PROBLEM TO WORK ON: Please print the data that follows, keeping every line exact.

PROVIDED ENTRIES: Begin

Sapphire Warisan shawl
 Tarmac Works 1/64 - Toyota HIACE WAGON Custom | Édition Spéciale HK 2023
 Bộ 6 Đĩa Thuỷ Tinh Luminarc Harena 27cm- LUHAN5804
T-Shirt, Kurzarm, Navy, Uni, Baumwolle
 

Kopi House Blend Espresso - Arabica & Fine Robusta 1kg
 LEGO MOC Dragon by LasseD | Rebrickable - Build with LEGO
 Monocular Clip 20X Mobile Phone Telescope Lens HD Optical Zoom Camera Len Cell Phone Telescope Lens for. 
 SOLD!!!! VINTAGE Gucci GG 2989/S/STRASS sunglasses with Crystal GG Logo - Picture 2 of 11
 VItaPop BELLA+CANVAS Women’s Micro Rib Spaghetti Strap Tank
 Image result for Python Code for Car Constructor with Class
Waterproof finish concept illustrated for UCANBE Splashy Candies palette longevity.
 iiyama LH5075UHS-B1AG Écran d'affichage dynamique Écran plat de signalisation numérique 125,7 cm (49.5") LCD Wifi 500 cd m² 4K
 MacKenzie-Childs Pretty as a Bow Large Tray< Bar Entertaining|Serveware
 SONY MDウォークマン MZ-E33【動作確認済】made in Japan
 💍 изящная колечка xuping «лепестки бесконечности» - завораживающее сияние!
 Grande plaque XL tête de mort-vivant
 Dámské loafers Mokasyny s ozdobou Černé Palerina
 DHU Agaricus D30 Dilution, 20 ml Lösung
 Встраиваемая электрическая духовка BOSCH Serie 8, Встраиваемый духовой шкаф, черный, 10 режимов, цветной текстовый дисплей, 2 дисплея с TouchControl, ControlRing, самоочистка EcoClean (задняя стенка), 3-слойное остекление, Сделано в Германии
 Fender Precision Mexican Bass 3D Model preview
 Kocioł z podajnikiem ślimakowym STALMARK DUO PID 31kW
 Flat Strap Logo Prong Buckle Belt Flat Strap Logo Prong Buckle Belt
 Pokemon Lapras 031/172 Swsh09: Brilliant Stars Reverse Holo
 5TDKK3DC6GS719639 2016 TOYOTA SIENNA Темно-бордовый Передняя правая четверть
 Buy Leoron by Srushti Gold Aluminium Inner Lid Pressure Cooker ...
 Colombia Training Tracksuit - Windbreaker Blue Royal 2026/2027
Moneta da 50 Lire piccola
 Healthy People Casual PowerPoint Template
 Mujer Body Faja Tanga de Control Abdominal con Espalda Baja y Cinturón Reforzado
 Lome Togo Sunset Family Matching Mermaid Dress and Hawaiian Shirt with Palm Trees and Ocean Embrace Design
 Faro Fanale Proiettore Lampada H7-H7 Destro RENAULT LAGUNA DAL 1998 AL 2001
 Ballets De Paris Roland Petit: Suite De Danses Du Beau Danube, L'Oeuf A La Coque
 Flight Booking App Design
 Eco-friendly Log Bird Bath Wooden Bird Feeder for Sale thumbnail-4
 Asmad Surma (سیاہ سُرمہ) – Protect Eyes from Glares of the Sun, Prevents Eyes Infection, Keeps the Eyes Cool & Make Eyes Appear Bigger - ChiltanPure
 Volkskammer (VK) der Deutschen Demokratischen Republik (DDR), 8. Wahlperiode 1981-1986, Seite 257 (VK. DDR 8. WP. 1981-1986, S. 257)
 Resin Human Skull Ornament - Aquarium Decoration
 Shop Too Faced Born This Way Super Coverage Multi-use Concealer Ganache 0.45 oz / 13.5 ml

PROVIDED ENTRIES: End

TASK SOLUTION:
Sapphire Warisan shawl
 Tarmac Works 1/64 - Toyota HIACE WAGON Custom | Édition Spéciale HK 2023
 Bộ 6 Đĩa Thuỷ Tinh Luminarc Harena 27cm- LUHAN5804
T-Shirt, Kurzarm, Navy, Uni, Baumwolle
 

Kopi House Blend Espresso - Arabica & Fine Robusta 1kg
 LEGO MOC Dragon by LasseD | Rebrickable - Build with LEGO
 Monocular Clip 20X Mobile Phone Telescope Lens HD Optical Zoom Camera Len Cell Phone Telescope Lens for. 
 SOLD!!!! VINTAGE Gucci GG 2989/S/STRASS sunglasses with Crystal GG Logo - Picture 2 of 11
 VItaPop BELLA+CANVAS Women’s Micro Rib Spaghetti Strap Tank
 Image result for Python Code for Car Constructor with Class
Waterproof finish concept illustrated for UCANBE Splashy Candies palette longevity.
 iiyama LH5075UHS-B1AG Écran d'affichage dynamique Écran plat de signalisation numérique 125,7 cm (49.5") LCD Wifi 500 cd m² 4K
 MacKenzie-Childs Pretty as a Bow Large Tray< Bar Entertaining|Serveware
 SONY MDウォークマン MZ-E33【動作確認済】made in Japan
 💍 изящная колечка xuping «лепестки бесконечности» - завораживающее сияние!
 Grande plaque XL tête de mort-vivant
 Dámské loafers Mokasyny s ozdobou Černé Palerina
 DHU Agaricus D30 Dilution, 20 ml Lösung
 Встраиваемая электрическая духовка BOSCH Serie 8, Встраиваемый духовой шкаф, черный, 10 режимов, цветной текстовый дисплей, 2 дисплея с TouchControl, ControlRing, самоочистка EcoClean (задняя стенка), 3-слойное остекление, Сделано в Германии
 Fender Precision Mexican Bass 3D Model preview
 Kocioł z podajnikiem ślimakowym STALMARK DUO PID 31kW
 Flat Strap Logo Prong Buckle Belt Flat Strap Logo Prong Buckle Belt
 Pokemon Lapras 031/172 Swsh09: Brilliant Stars Reverse Holo
 5TDKK3DC6GS719639 2016 TOYOTA SIENNA Темно-бордовый Передняя правая четверть
 Buy Leoron by Srushti Gold Aluminium Inner Lid Pressure Cooker ...
 Colombia Training Tracksuit - Windbreaker Blue Royal 2026/2027
Moneta da 50 Lire piccola
 Healthy People Casual PowerPoint Template
 Mujer Body Faja Tanga de Control Abdominal con Espalda Baja y Cinturón Reforzado
 Lome Togo Sunset Family Matching Mermaid Dress and Hawaiian Shirt with Palm Trees and Ocean Embrace Design
 Faro Fanale Proiettore Lampada H7-H7 Destro RENAULT LAGUNA DAL 1998 AL 2001
 Ballets De Paris Roland Petit: Suite De Danses Du Beau Danube, L'Oeuf A La Coque
 Flight Booking App Design
 Eco-friendly Log Bird Bath Wooden Bird Feeder for Sale thumbnail-4
 Asmad Surma (سیاہ سُرمہ) – Protect Eyes from Glares of the Sun, Prevents Eyes Infection, Keeps the Eyes Cool & Make Eyes Appear Bigger - ChiltanPure
 Volkskammer (VK) der Deutschen Demokratischen Republik (DDR), 8. Wahlperiode 1981-1986, Seite 257 (VK. DDR 8. WP. 1981-1986, S. 257)
 Resin Human Skull Ornament - Aquarium Decoration
 Shop Too Faced Born This Way Super Coverage Multi-use Concealer Ganache 0.45 oz / 13.5 ml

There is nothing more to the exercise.